[INPUT MATERIAL]:
○ ○ ○ ○

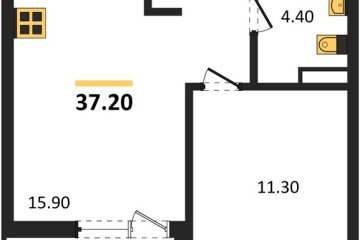 Фото №1: 1-комнатная квартира 37 м², 3/18 эт. - Краснодар, мкр. культурный квартал Эрмитаж, ул. им. Мурата Ахеджака, 26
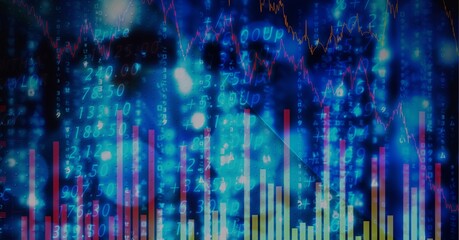 Composition of financial data processing on blue glowing background
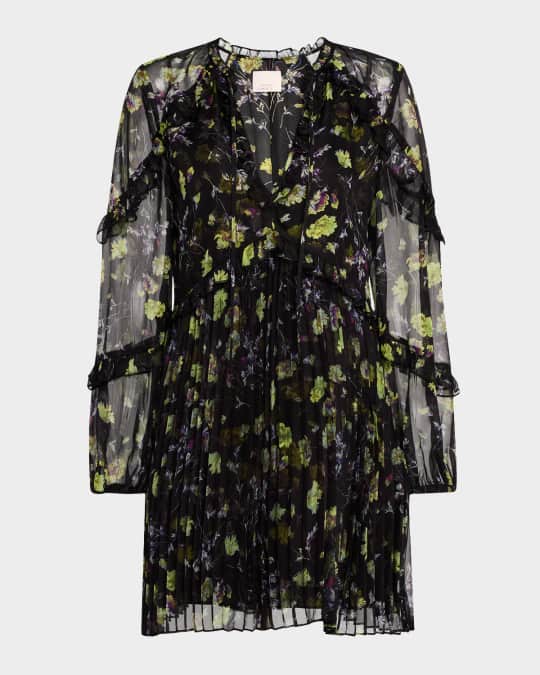 Robin Sheer Floral Long-Sleeve Mini Dress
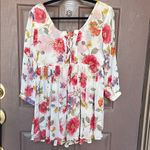 Fun & Flirt  Floral Blouse - White and Pink Photo 3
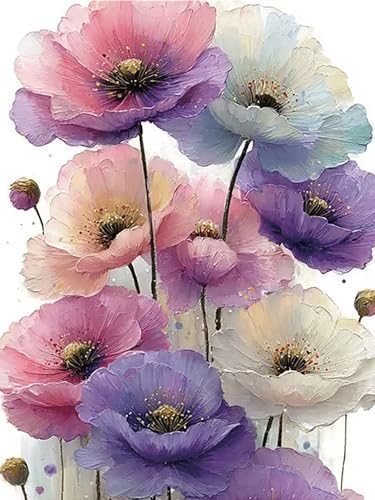 APTDYIGL 5D Colorful Flowers Diamond Painting Kits for Adults Beginner,DIY Flowers Diamond Art Kits for Adults,Round Full Drill Diamond Dots with Gem Art Kits,Home Wall Decor 12X16inch - color: HP107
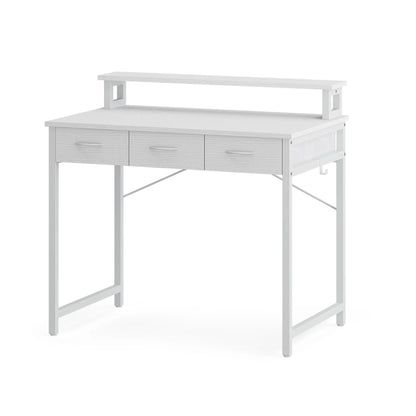 Yitahome Compact Computer Desk with Storage Drawers and Monitor Stand for Limited Spaces, Ideal for Home Office and Study Use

○ ○ ○ ○

[WHAT IS BEING ASKED]: Find the line that contains "Robin Sheer Floral Long-Sleeve Mini Dress" and repeat it, along with every line after it to the end of the data, exactly; drop the pictures.

[ANSWER SPACE]:
 Robin Sheer Floral Long-Sleeve Mini Dress
 Fun & Flirt  Floral Blouse - White and Pink Photo 3
 APTDYIGL 5D Colorful Flowers Diamond Painting Kits for Adults Beginner,DIY Flowers Diamond Art Kits for Adults,Round Full Drill Diamond Dots with Gem Art Kits,Home Wall Decor 12X16inch - color: HP107
 Yitahome Compact Computer Desk with Storage Drawers and Monitor Stand for Limited Spaces, Ideal for Home Office and Study Use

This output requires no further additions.